J’ai étudié beaucoup de ces statues, et j’ai été frappé par le fait que souvent elles ne dépassaient pas une dimension officielle. Et cela est aussi emblématique. On peut se demander pourquoi de grands sculpteurs n’ont pas fait de Jeanne d’Arc : Rodin, Mayol… Sans doute étaient-ils chers, ce qui explique qu’on se rabattait sur des sculpteurs de moindre capacité. Mais il y a tout de même de belles Jeanne d’Arc. J’en ai vu par exemple une assez surprenante, à la jointure entre la toute fin du moyen âge et l’époque moderne, mais à ce moment-là, tout était beau, jusqu’au moindre objet. Mais il faut dire qu’il y en a beaucoup trop dont la vie est absente. Et c’est là toute la difficulté. Parce qu’il est utile, instructif, de faire une statue qui renvoie à l’histoire, qui indique qu’il y a eu une femme appelée Jeanne d’Arc, qui à un moment donné a tenu son drapeau… Mais la vie en est absente. L’oeuvre d’art est réussie quand elle arrive à mettre la vie dans la matière. Le philosophe belge Marcel De Corte a très bien dit, dans un article intitulé « Mesure de l’Art », que la crise de l’art est en grande partie due au fait que l’artiste lui-même refuse le sacrement. De Corte entend par sacrement le mystère qui se manifeste quand, par l’intermédiaire de l’artiste, la matière devient vivante. Si l’artiste refuse de s’y prêter, refuse d’être passeur, il n’y a plus ce sacrement. L’artiste ne cherche qu’à être célébré lui-même. C’est juste l’inverse de l’artiste véritable, qui s’efface, dont on ne connaît même pas le nom, comme ces peintres d’icônes dont on a parfois découvert par hasard comment ils s’appelaient en tombant sur des archives comptables, parce qu’on les rémunérait pour leur travail. C’est comme la messe, l’homme prêtre n’a pas d’importance par lui-même, il n’est que l’instrument de ce qui le dépasse infiniment.
Vous n’avez pas l’impression de prêcher un peu dans le désert ?

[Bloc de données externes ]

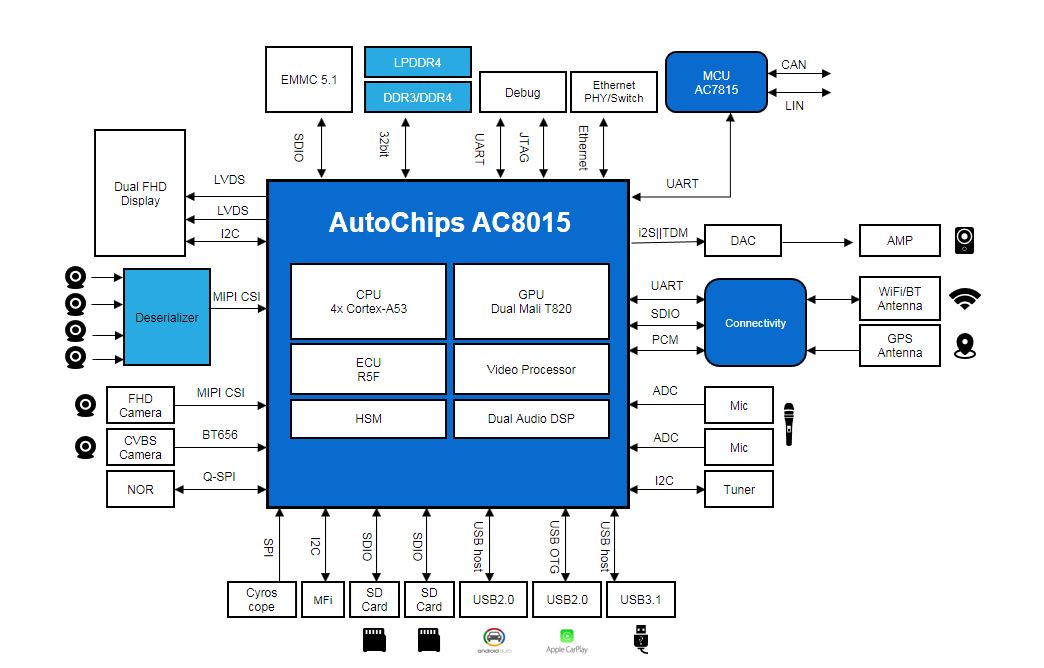 AC8015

Jamais je n’ai travaillé dans les conditions de réalisation de cette nouvelle statue. D’habitude, j’ai une commande, un financement (pour mon travail et pour le coût de la fonderie, qui est élevé). Dans le cas présent, il s’agit d’une souscription, je ne demande rien, il s’agit seulement de payer la fonderie. Les gens répondent. C’est l’association qui recueille les fonds, pas moi. Ce sont des petits dons, qui proviennent plutôt de petites gens. Il y a des lettres émouvantes. Mais l’argent arrive lentement. J’ai l’impression que les gens pauvres donnent un peu, et les gens riches donnent comme les pauvres, ou bien ne donnent rien du tout. Et cela, c’est attristant, et je dois dire que j’ai été surpris. Parce que faire une statue de Jeanne d’Arc aujourd’hui, ce n’est pas installer quelque chose d’insignifiant. C’est un acte qui montre que nous existons, que nous sommes encore vivants, que nous sommes debout.